21558 Alisonliu

Discovery
- Discovered by: LINEAR
- Discovery site: Lincoln Laboratory ETS
- Discovery date: 24 August 1998

Designations
- Named after: Alison W. Lui (2006 ISEF awardee)
- Alternative designations: 1998 QW_{77} · 1992 CX
- Minor planet category: main-belt · Eunomia

Orbital characteristics
- Epoch 4 September 2017 (JD 2458000.5)
- Uncertainty parameter 0
- Observation arc: 25.04 yr (9,147 days)
- Aphelion: 3.1122 AU
- Perihelion: 2.2357 AU
- Semi-major axis: 2.6740 AU
- Eccentricity: 0.1639
- Orbital period (sidereal): 4.37 yr (1,597 days)
- Mean anomaly: 209.51°
- Mean motion: 0° 13^{m} 31.44^{s} / day
- Inclination: 11.958°
- Longitude of ascending node: 323.45°
- Argument of perihelion: 288.46°

Physical characteristics
- Dimensions: 6.670±0.581 km 8.36 km (calculated) 8.812±0.068 km
- Synodic rotation period: 4.866±0.003 h
- Geometric albedo: 0.21 (assumed) 0.2287±0.0326 0.245±0.050
- Spectral type: S
- Absolute magnitude (H): 12.5 · 12.7 · 12.83±0.25

= 21558 Alisonliu =

Asteroid

21558 Alisonliu (provisional designation ') is a stony Eunomia asteroid from the middle region of the asteroid belt, approximately 8 kilometers in diameter. It was discovered on 24 August 1998, by the Lincoln Near-Earth Asteroid Research at the Lincoln Laboratory's Experimental Test Site in Socorro, New Mexico, United States. The asteroid was named for Alison Liu, a 2006 ISEF awardee.

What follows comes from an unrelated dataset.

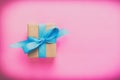 Gift wrapped and decorated with blue bow on pink background with copy space. Flat lay, top view Royalty Free Stock Photo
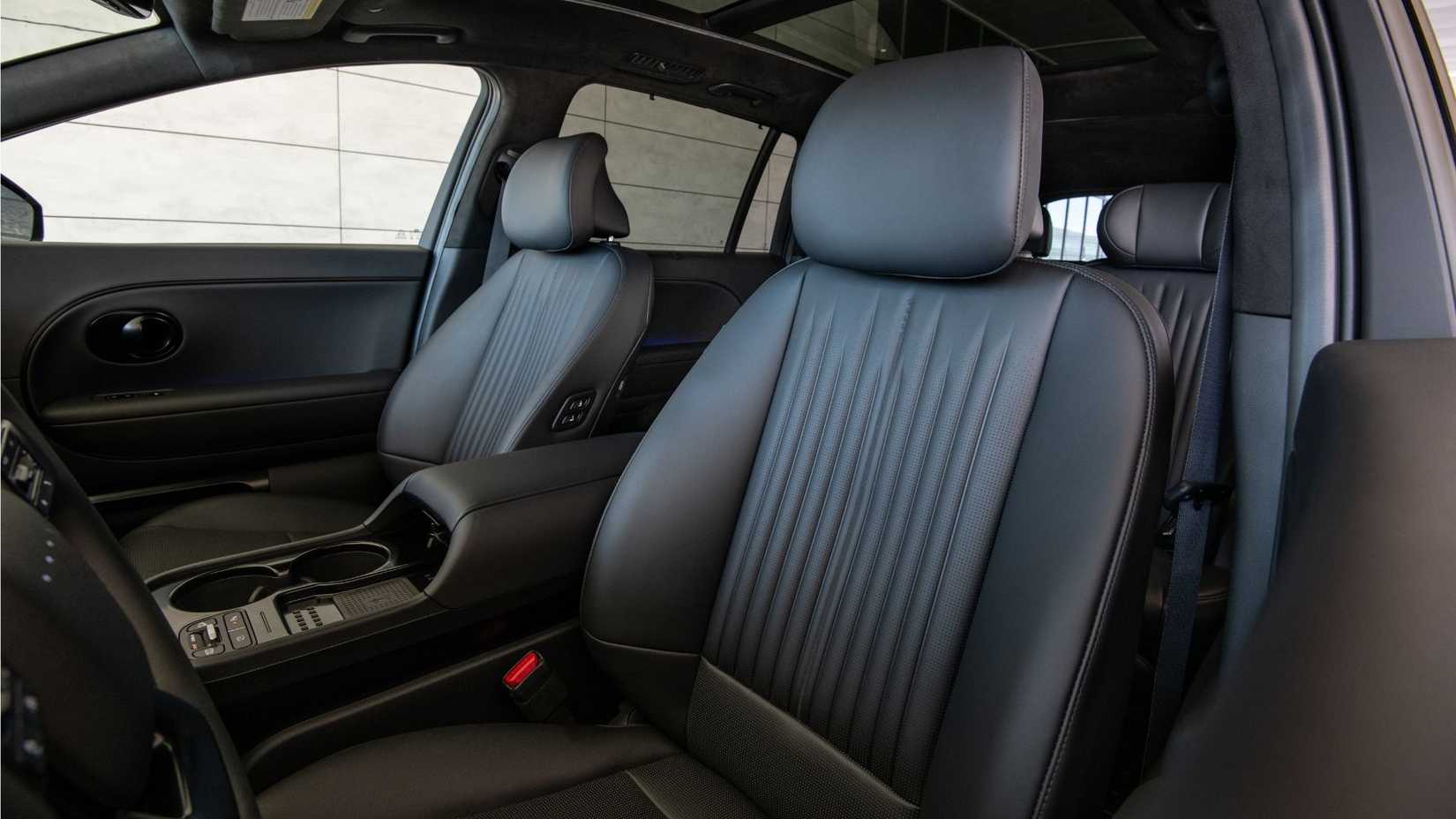 Shot of the front seats in a 2027 Hyundai Ioniq 9 Calligraphy Black Ink.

== Orbit and classification ==

Alisonliu is a member of the Eunomia family, a large group of stony asteroids and the most prominent family in the intermediate main-belt. It orbits the Sun in the central main-belt at a distance of 2.2–3.1 AU once every 4 years and 4 months (1,597 days). Its orbit has an eccentricity of 0.16 and an inclination of 12° with respect to the ecliptic.

The body's observation arc begins 6 years prior to its official discovery observation, with its first identification as at the Venezuelan OAN de Llano del Hato in 1992.

== Physical characteristics ==
Alisonliu has been characterized as a stony S-type asteroid by Pan-STARRS photometric survey.

=== Lightcurve ===
A rotational lightcurve of Alisonliu was obtained from photometric observations made at the Australian Oakley Southern Sky Observatory (E09) in April 2010. Lightcurve analysis gave a well-defined rotation period of 4.866 hours with a brightness variation of 0.12 magnitude (U=3).

=== Diameter and albedo ===
According to the survey carried out by the NEOWISE mission of NASA's space-based Wide-field Infrared Survey Explorer, Alisonliu measures 6.7 and 8.8 kilometers in diameter, and its surface has an albedo of 0.229 and 0.245, respectively, while the Collaborative Asteroid Lightcurve Link assumes an albedo of 0.21 and calculates a diameter of 8.4 kilometers with an absolute magnitude of 12.7.

== Naming ==
This minor planet was named after Alison Liu (born 1989) who was awarded Intel Best of Category in the 2006 Intel International Science and Engineering Fair (ISEF) for her behavioral and social science team project. In addition, she received the EU Contest for Young Scientists Award. At the time, Liu attended the Manhasset Secondary School in the U.S. state of New York. The approved naming citation was published by the Minor Planet Center on 11 July 2006 (M.P.C. 57276).